Entries shown Start Marker
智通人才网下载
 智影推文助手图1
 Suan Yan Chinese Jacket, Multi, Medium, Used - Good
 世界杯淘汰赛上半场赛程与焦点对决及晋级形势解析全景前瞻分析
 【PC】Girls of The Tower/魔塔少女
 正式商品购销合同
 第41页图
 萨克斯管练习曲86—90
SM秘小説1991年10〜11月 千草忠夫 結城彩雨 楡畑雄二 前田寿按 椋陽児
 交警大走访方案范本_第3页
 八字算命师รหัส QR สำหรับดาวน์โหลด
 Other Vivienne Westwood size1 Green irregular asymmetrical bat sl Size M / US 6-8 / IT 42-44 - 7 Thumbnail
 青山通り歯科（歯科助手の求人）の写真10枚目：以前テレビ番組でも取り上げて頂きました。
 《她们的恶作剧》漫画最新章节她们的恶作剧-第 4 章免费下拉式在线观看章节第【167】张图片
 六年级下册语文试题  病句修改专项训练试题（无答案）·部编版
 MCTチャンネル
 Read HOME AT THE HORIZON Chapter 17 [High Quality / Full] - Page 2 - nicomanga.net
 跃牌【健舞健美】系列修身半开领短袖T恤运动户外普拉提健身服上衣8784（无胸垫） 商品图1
Entries shown End Marker
> **What to work on**
Write out exactly those lines running from the line with "世界杯淘汰赛上半场赛程与焦点对决及晋级形势解析全景前瞻分析" to the end of the data above, the first and last included.

> **Solved problem**
 世界杯淘汰赛上半场赛程与焦点对决及晋级形势解析全景前瞻分析
 【PC】Girls of The Tower/魔塔少女
 正式商品购销合同
 第41页图
 萨克斯管练习曲86—90
SM秘小説1991年10〜11月 千草忠夫 結城彩雨 楡畑雄二 前田寿按 椋陽児
 交警大走访方案范本_第3页
 八字算命师รหัส QR สำหรับดาวน์โหลด
 Other Vivienne Westwood size1 Green irregular asymmetrical bat sl Size M / US 6-8 / IT 42-44 - 7 Thumbnail
 青山通り歯科（歯科助手の求人）の写真10枚目：以前テレビ番組でも取り上げて頂きました。
 《她们的恶作剧》漫画最新章节她们的恶作剧-第 4 章免费下拉式在线观看章节第【167】张图片
 六年级下册语文试题  病句修改专项训练试题（无答案）·部编版
 MCTチャンネル
 Read HOME AT THE HORIZON Chapter 17 [High Quality / Full] - Page 2 - nicomanga.net
 跃牌【健舞健美】系列修身半开领短袖T恤运动户外普拉提健身服上衣8784（无胸垫） 商品图1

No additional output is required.